Hikmet ehli zatlar buyuruyor ki:
Ehl-i sünnet itikadında olup bu doğru yolun büyüklerini tanımakla, ne kadar şanslı olduğumuzun, ne kadar kıymetli bir nimete kavuştuğumuzun farkında mıyız? Merhum hocamız, (Her bin kişiden biri iman eder. Bu iman edenlerin binde biri Ehl-i sünnet itikadında olur. Bunların binde biri de muhlislerden olur) buyurdu. Yani bu büyükleri sevip onların yolunda ihlâsla dine hizmet edenlerden olur. Bu çok büyük bir nimettir. Dışarısı ateştir. Her taraf imansızlık ve fitne ile doludur. Bu nimetin büyüklüğünün kıymeti ancak âhirette anlaşılır.
Kıyamet ve Âhiret kitabındaki ölüm hâllerini okuyup, ölümü her gün hatırlamaya çalışmalı. İnsan onları okuyup öğrendikten sonra, nasıl yiyip içer? Ama bu nefs öyle mel’un ki, insana beş saniyede unutturur. Ölümü unutmayan insan, melek gibi olur. Bunun çaresi de her fırsatta sâlihlerle görüşmek ve Ehl-i sünnet kitaplarını her gün düzenli okumaya çalışmaktır. Sâlih insanlar bir araya geldiğinde onların hocası çok sevinir, o sevinince onun da hocası sevinir. Bu, silsile yoluyla Peygamber efendimize kadar gider. Allahü teâlâ da, böyle bir araya gelenlerden razı olur.
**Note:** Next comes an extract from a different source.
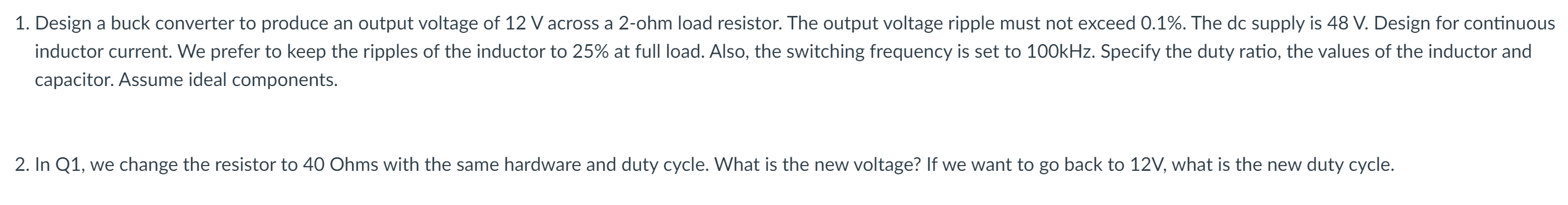 Solved 1. Design a buck converter to produce an output | Chegg.com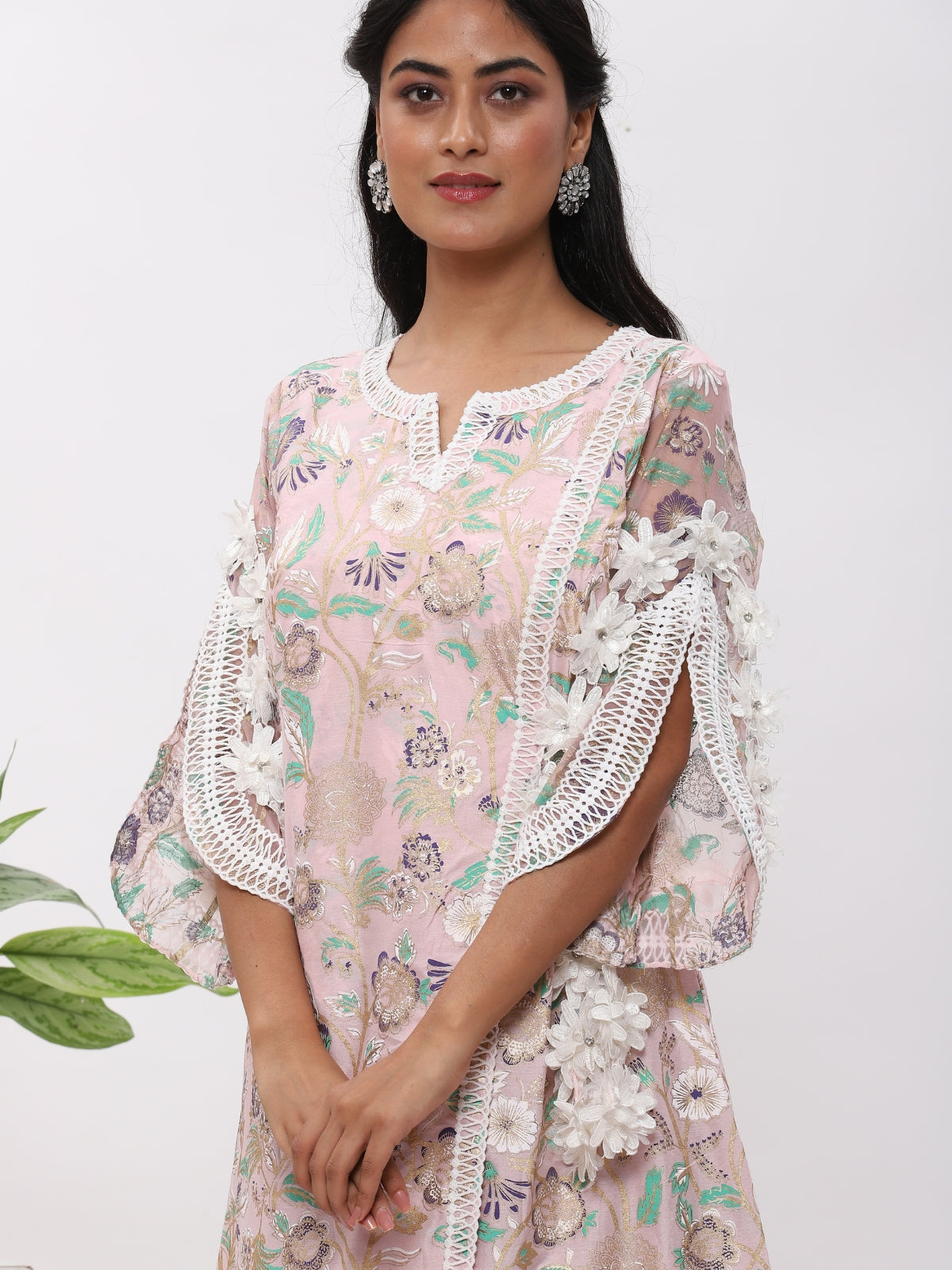 Pink Fanah Kurta With Plazo And Dupatta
Ehl-i sünnet âlimlerinin yolu da, kitapları da mutlaka doğrudur. O hâlde, bu yoldaki hizmetlerde, işlerde bir aksama olursa, bu şüphesiz kendi hatamızdandır. Bu da, sormadan yapmaktan veya sorup da kendi aklımıza göre hareket etmekten ileri gelir. Filanın yüzünden oldu, onun hatası var demeden, herkes kendine bakmalı ve kendisini düzeltmeye çalışmalıdır. Yoksa bu işin, hizmetin, yolun kendisinde elbette hata yoktur.
Seyyid Abdülhakîm Arvâsî hazretleri, (Sormadan iş yapmamalı. Soracak yer bulamayan, bir ağaca sarık sarıp da ona sormalı. Allahü teâlâ kalbine doğruyu bildirir) buyurmuştur... Bir zat, her gün camiye giderken gençlere, (Evladım, cami ne tarafta?) dermiş. Bir gün gençler, (Amca, sen bizimle alay mı ediyorsun? Neden her gün gittiğin camiyi bize soruyorsun?) demişler. O zat, (Caminin yerini biliyorum. Her sorduğumda nefsim eziliyor. O alçak nefsi ezmek, 'ben' dememek, kendi aklıma göre hareket etmemek ve her zaman danışarak iş yapmak için size soruyorum) diye cevap vermiş. İşte bunun için, büyüklerimizle istişare etmeden bir işe kalkışmamalı. Onlara sorarken de, verilecek cevaba razı olarak, pazarlıksız sormalı ve gelen cevaba da tam uymalıdır.